Grazie per la risposta
Mio marito ed io siamo comproprietari dell’alloggio in cui abitiamo da 12 anni. Vorremmo acquistare un alloggio più consono alle nostre esigenze e potremmo farlo con l’aiuto di prestiti e di un mutuo, vendendo poi il nostro alloggio. Ci hanno detto che così facendo non potremo acquistare come prima casa, ma se prima cercassimo di vendere il nostro alloggio perderemmo quello nuovo! E’ molto difficile vendere con il rischio di non trovare l’alloggio giusto. Dal momento che non possediamo un alloggio intero, non credo sia scorretto pensare a una donazione del 50% al coniuge che potrà così acquistare come prima casa. L’altro coniuge potrà vendere il vecchio appartamento senza problemi?
Grazie
Salve, Il 28 agosto 2009 ho acquistato casa nel mio comune di residenza! il 17 agosto 2010 ho cambiato residenza nell’immobile acquistato tramite prima casa!

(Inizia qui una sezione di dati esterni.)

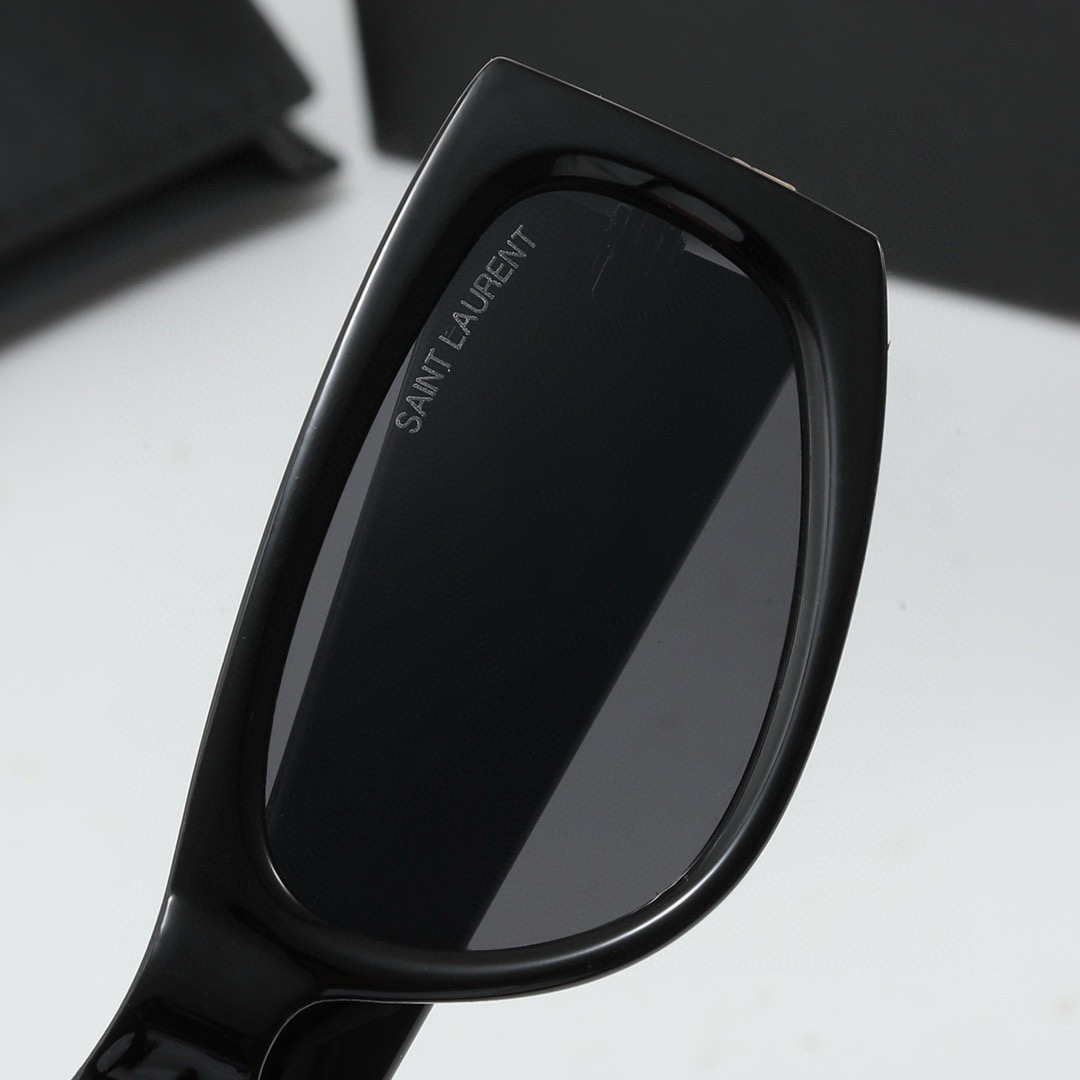 משקפי שמש איב סן לורן – תמונה 10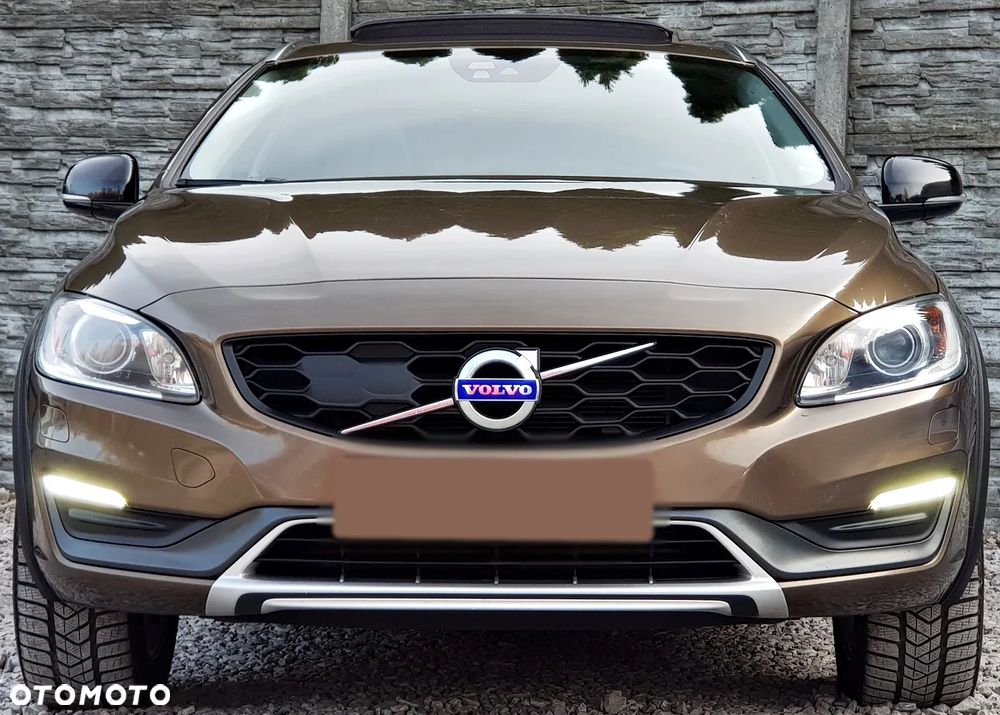 Volvo V60 Cross Country - 19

Per non rischiare di perdere le agevolazioni devo fare qualcosa o è automatico?Nel senso, che la Banca la sistemo tramite una semplice modifica d’indirizzo e firma di documenti per il cambio residenza. Per lo Stato cosa devo fare?

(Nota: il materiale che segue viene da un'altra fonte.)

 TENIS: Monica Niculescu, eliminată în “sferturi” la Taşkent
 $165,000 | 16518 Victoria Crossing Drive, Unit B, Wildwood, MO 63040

vorrei acquistare casa dal costruttore, la casa costa euro 269.000 a voce mi hanno detto che mi fanno il 5% di sconto quindi arriviamo a 255.000, mi hanno consigliato di fare un’offerta scritta esempio vorrei lanciare la proposta a euro 215.000, però all’offerta scritta devo allegare un assegno di euro 2.000,00, è vero che se il costruttore non accetta la mia proposta l’assegno mi viene reso?
Grazie
Buongiorno,
navigando in internet ho scoperto il vostro blog,mi sembra molto dettagliato e le risposte precise e puntuali.
Vorrei porre alla vostra attenzione una mia domanda:
Sono separato ma non ancora divorziato,vorrei acquistare una casa usufruendo delle agevolazione per la prima casa,non so da dove cominciare, potreste cortesemente aiutarmi a capire da dove iniziare e se esiste una legislazione che tuteli o avvantaggi le persone nel mio status?